As a longtime Florida resident, I've explored my award-winning vision of photography since 1979. My images combine traditional photography using 35mm cameras, cheap plastic 120 and 110 film cameras, digital cameras and scanners (scanography) with computer imaging in the digital era of fine art.
The use of a scanner for digital image capture is commonly referred to as scanography. The scanner becomes a digital camera from which I create my art using found objects such as leaves, fruit, paper, old portraits and other objects. These scanned elements are then composed and manipulated in Photoshop to create the final image.
My sense of color, texture and light pushes my photography and scanography beyond realism through the manipulation of these elements, changing their relationship and creating an altered reality more evocative of dreams or fading memories.
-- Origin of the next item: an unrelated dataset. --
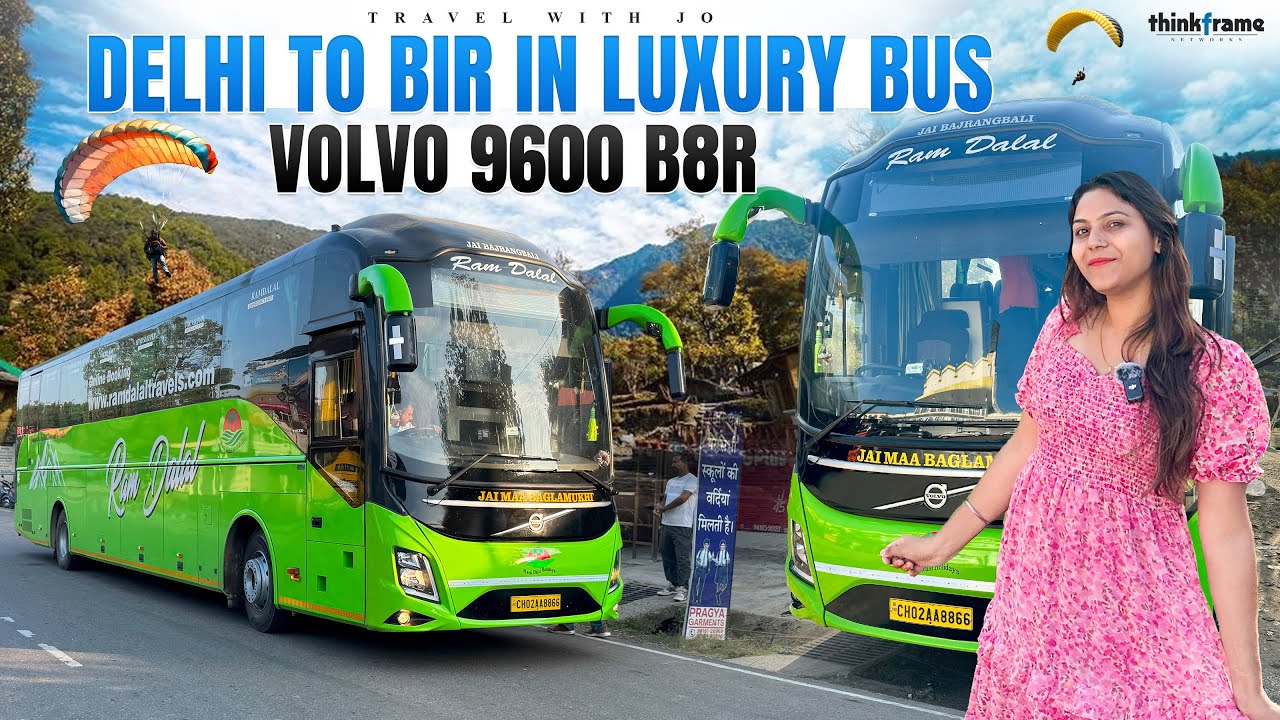 Delhi to Bir Billing Himachal luxurious Volvo bus journey 🥰❄️Asia’s highest paragliding Bir billing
These distinct moments gain importance through this visual exploration to create the final image, an image far removed from the original moment of capture.
Basic scanography technique info
I never cared for still life images or photo closeups of pretty flowers but I always liked botanical illustrations so I began to use scanography as a way of creating images that produced the stark simplicity of botanical illustrations in a somewhat surreal environment. The image manipulation and composition give the scanned objects an almost iconic status.
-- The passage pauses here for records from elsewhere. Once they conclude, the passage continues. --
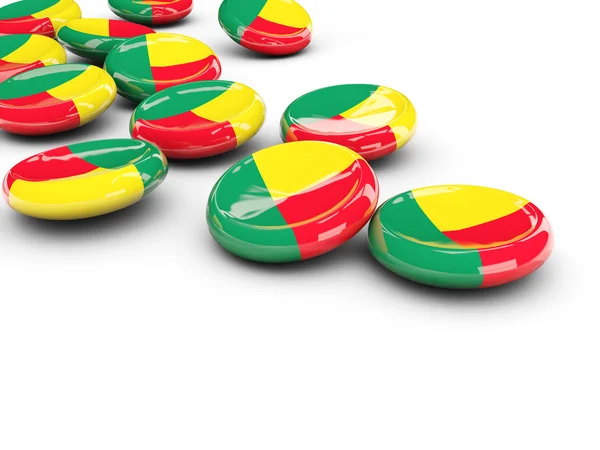 Bandera de benin, botones redondos — Foto de Stock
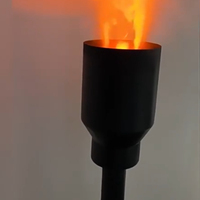 Lampe à motif Hibou Forêt, rechargeable, torche de scène à effet de flamme simulée, source d'éclairage à flamme froide, torche de sécurité, lumière décorative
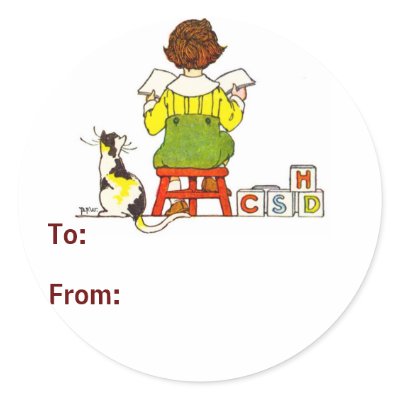 Boy reading Gift Tag by msdespina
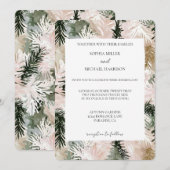 Roze Groene Witte Kerstbomen Trouwen Kaart (Voorkant / Achterkant)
I began to experiment with scanography in 1998. I had a dedicated 35mm film scanner and Photoshop so I took small dried flowers and sandwiched them between sheets of acetate, put them in the film holder and scanned them. The process worked but was limited due to the small size constraints of the scanner. I started using a flatbed scanner a few years later and that has allowed me to use larger objects and experiment with different methods of scanning which produce different results.
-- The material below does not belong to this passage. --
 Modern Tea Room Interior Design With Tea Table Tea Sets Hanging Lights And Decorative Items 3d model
I use an Epson Perfection 4990 Photo scanner. Some images are composed directly on the glass of the scanner. For other images I just scan objects with the intention of extracting them from one file and adding the object to a different scan. Materials that I have scanned include paper, bark, flowers, leafs, crushed cans, some liquids, very old photos and more. I always process the files in Photoshop to manipulate colors (I have a background in painting which influences my color decisions) and create the final composition and also add warmth since the scanner always produces the same cold unflattering light with every scan. I often do multiple scans of the same object and combine them in different ways in Photoshop.